● **Task objective**:
Within the records below, find the line with "Building Photo - 8294 Boundary Waters Dr" and the line with "man stabs knife", then reproduce exactly those two lines and all lines between them, without any picture.

BEGIN Given data

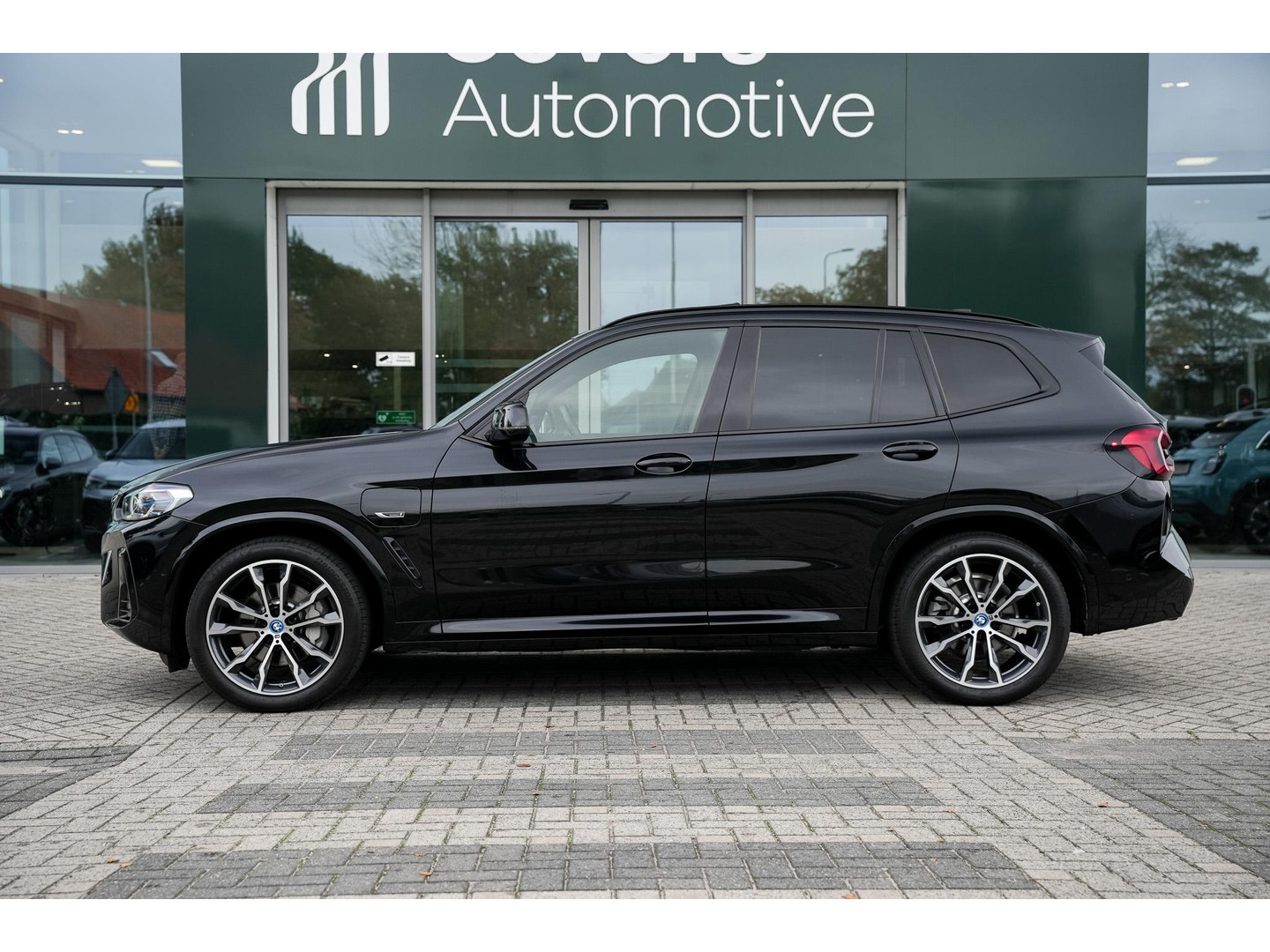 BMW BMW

END Given data
BEGIN Given data

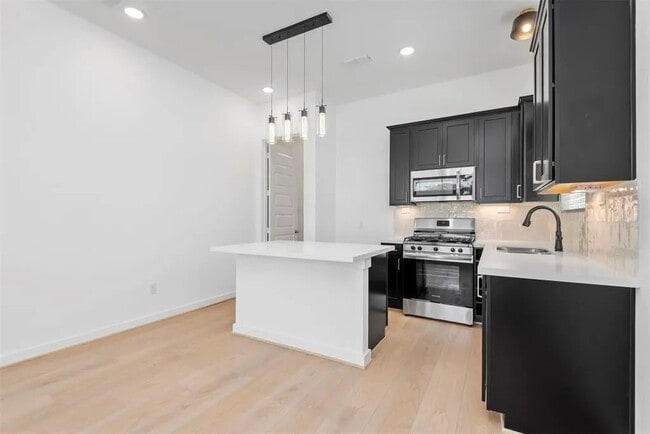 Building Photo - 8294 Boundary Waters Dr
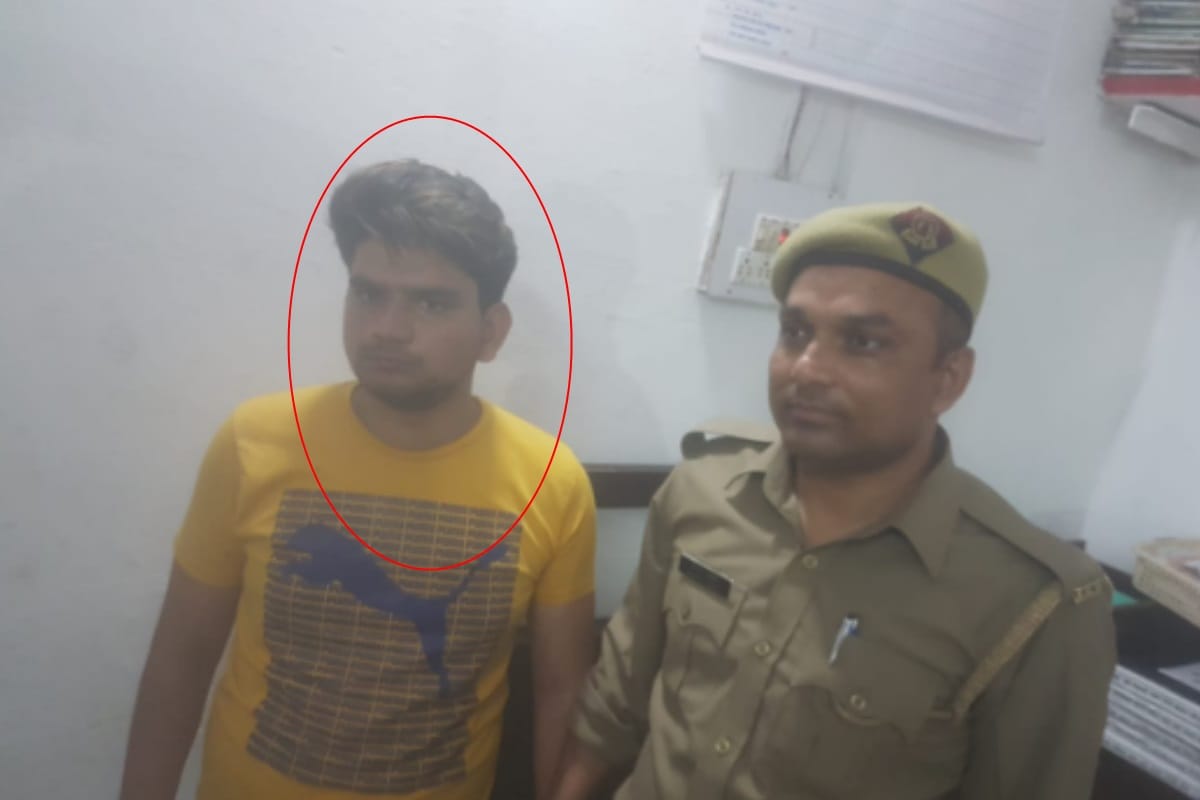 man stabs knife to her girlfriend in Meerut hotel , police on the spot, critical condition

END Given data

● **Exercise result**:
 Building Photo - 8294 Boundary Waters Dr
 man stabs knife to her girlfriend in Meerut hotel , police on the spot, critical condition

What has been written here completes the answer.